Task requirements: Which lines in the entries below contain the string "Living"? Show each of them in full.

Recorded data:

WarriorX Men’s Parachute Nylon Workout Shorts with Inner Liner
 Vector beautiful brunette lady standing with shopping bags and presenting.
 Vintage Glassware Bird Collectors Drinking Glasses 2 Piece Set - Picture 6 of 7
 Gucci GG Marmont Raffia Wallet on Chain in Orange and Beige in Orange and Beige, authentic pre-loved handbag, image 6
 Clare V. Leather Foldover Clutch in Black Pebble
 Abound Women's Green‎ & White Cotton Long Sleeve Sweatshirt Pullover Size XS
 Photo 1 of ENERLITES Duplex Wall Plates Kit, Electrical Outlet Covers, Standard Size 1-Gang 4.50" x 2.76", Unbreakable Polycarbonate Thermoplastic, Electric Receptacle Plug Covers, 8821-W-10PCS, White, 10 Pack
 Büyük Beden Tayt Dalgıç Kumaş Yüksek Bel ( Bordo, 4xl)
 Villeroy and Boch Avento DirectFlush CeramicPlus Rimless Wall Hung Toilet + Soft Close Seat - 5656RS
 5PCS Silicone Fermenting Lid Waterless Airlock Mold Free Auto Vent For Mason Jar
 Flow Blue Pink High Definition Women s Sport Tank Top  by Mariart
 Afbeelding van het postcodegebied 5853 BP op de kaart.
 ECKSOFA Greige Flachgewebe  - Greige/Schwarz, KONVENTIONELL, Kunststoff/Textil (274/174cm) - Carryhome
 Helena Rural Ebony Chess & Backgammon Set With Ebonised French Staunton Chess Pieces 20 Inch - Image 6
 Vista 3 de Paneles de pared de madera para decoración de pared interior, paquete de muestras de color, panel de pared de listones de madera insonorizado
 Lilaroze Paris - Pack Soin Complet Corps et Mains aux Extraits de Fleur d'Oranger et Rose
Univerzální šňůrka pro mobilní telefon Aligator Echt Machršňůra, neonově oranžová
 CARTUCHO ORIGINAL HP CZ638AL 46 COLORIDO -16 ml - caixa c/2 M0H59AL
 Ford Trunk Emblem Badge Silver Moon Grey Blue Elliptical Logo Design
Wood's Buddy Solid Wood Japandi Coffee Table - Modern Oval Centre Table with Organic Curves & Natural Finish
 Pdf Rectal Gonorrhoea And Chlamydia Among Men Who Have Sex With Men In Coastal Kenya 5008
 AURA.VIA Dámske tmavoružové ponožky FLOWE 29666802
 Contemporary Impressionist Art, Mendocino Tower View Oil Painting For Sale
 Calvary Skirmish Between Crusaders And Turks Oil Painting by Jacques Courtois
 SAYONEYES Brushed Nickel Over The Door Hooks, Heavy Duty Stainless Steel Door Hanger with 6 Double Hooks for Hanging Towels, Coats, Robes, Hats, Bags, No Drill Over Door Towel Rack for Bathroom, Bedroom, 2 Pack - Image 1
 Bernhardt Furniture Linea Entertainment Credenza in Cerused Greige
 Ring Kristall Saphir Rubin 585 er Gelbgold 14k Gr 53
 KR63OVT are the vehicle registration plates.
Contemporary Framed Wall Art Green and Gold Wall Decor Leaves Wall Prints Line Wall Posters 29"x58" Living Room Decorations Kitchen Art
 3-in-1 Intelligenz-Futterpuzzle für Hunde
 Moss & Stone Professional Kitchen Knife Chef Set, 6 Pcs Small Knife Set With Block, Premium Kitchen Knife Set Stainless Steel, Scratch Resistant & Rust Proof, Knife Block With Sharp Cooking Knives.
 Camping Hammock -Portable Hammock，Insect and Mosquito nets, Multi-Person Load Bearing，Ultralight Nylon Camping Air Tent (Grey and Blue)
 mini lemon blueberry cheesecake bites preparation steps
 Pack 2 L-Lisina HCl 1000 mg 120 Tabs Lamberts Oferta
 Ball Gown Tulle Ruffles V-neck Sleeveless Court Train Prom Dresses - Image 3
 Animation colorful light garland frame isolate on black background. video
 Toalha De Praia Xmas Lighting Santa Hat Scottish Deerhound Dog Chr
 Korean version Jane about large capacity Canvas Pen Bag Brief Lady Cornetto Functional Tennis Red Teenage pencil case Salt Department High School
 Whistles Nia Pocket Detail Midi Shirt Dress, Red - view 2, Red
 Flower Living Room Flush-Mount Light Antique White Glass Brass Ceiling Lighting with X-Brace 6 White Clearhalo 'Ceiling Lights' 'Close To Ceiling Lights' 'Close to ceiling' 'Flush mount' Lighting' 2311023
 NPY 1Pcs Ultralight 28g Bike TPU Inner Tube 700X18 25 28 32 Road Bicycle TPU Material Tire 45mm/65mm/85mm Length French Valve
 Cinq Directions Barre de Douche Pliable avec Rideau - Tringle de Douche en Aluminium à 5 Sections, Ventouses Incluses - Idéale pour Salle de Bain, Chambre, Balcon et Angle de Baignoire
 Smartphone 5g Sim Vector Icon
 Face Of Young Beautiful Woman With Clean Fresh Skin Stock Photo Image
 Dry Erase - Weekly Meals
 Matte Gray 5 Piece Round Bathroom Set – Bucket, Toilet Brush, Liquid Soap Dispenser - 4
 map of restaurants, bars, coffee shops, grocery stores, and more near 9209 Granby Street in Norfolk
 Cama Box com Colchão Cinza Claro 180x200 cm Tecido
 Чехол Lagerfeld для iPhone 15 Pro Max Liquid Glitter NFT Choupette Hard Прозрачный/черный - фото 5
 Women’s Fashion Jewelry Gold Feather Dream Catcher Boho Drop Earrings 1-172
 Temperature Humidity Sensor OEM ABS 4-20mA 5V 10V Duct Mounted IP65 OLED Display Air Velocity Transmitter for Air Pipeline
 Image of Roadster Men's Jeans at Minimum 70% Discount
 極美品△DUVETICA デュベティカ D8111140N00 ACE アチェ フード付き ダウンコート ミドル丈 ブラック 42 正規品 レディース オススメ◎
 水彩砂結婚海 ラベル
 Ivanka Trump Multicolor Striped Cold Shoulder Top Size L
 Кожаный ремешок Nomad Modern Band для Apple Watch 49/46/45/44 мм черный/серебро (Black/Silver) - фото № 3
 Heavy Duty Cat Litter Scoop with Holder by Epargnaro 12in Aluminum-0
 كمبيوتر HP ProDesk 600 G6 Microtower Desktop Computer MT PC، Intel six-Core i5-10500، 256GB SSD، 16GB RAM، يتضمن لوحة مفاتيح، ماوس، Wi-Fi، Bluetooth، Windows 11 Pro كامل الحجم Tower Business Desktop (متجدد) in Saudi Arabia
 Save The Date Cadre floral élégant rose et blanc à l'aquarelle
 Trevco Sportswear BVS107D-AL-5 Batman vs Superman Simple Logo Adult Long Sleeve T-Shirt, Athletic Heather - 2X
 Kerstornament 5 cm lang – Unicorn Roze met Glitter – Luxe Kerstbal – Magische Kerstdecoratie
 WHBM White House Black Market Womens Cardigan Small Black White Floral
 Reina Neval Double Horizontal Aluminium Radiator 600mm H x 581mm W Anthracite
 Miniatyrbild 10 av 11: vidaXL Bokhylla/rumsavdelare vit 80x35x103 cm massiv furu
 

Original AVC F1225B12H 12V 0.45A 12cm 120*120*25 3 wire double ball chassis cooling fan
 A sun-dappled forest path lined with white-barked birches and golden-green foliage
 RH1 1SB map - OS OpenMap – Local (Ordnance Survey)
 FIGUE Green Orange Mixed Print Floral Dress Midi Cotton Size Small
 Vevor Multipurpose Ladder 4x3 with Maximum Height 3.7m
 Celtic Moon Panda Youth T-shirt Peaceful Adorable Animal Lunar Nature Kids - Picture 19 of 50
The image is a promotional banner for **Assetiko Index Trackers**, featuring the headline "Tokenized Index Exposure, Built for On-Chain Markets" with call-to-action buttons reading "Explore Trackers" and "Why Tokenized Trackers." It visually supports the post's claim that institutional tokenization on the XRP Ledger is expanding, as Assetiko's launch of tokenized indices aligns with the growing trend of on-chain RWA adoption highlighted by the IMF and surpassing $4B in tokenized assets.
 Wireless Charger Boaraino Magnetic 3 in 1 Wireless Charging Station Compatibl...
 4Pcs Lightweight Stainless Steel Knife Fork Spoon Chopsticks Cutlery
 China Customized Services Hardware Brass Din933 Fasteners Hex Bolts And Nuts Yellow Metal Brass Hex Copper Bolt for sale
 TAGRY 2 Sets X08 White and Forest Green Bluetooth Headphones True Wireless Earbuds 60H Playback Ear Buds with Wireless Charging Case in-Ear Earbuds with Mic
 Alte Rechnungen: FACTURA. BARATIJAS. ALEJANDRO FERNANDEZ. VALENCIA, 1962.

Solution to this task:
Contemporary Framed Wall Art Green and Gold Wall Decor Leaves Wall Prints Line Wall Posters 29"x58" Living Room Decorations Kitchen Art
 Flower Living Room Flush-Mount Light Antique White Glass Brass Ceiling Lighting with X-Brace 6 White Clearhalo 'Ceiling Lights' 'Close To Ceiling Lights' 'Close to ceiling' 'Flush mount' Lighting' 2311023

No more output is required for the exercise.